The earlier you manage to get your flights the cheaper they usually are. I try to book my flights first well in advance. I’ve booked flights 8 or 9 months in advance sometimes, and usually at least 6 months. For 6 weeks in SE Asia we booked our flights Jan 1st to depart October 20th. This meant we had 10 months to set aside our spends. 

This means I can allocate part of my monthly pay to the flight, then the next month maybe allocate money to the hotel. I always know then that I have months to save and book things that I maybe would otherwise struggle to afford.

  • ONCE YOU’RE THERE

Last but by no means least, is what you do when you get somewhere. Again this can take a bit of planning but things like, is there a bus from the airport rather than a taxi. In Riga it was less than 2E for a bus ticket but a taxi cost around 14E. On the flipside a taxi between 4 might be the cheaper option. 
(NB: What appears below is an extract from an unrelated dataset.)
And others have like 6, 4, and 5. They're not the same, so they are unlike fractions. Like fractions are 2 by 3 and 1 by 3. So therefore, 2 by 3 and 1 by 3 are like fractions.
Go for the cheaper hotels, I rarely stay in hostels but go for the low to mid range hotels. I find http://www.booking.com to be the one I go back to time and again. Not only do you soon become a genius member and reap some benefits but the reviews are usually pretty accurate. In Asia we trawled them for cockroach sightings and only ended up having one hotel that was filled with the little buggers. If travelling in larger groups apartments often work out cheaper and you can usually stock up on cheap supermarket food if there’s a kitchen. 

It’s also different depending where you go. In Europe last minute hotel deals are rare and usually the prices go up the closer to the date you get. In Asia we booked places the day before or even on the day a couple of times and it was still super cheap as they have the backpacker market to consider. 
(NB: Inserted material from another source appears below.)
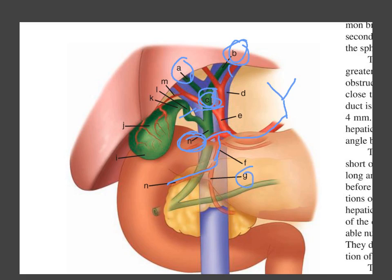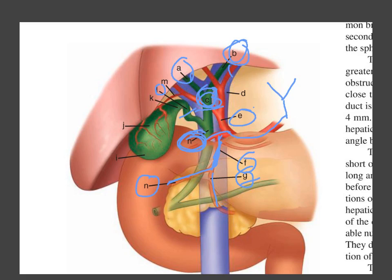The stomach is supplied through the short gastric arteries (G), and the duodenum through the duodenal artery (N). So F is the gastroduodenal artery, coming from the hepatic artery. To summarize: A is the right hepatic duct, B the left hepatic, C the common hepatic, I the cystic duct, and H the common bile duct.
(Package holiday to Bodrum – standing on the site of the Mausoleum at Halicarnassus)

I find that eating out and alcohol really rack up the costs of holidays. Obviously there’s nothing better than a cold beer in the afternoon on a hot day in Europe but it does soon add up. We sometimes found that a cold drink or coffee was more than a beer though! 

Sometimes it’s nice to push the boat out in restaurants, in Bratislava/Vienna and Romania we treated ourselves to a nice big meal one night but then ate in normal range places the others. In Asia we really took advantage of the street stalls and small plastic cafe type places, we couldn’t believe how cheap everything was. Sometimes a package holiday can be the best and cheapest way to get somewhere, if you check what excursions or day trips out you can do you may get to see a lot of the country you’re in. 

If you have the thirst to travel but aren’t sure where to start, I hope this has given you some good tips to get started.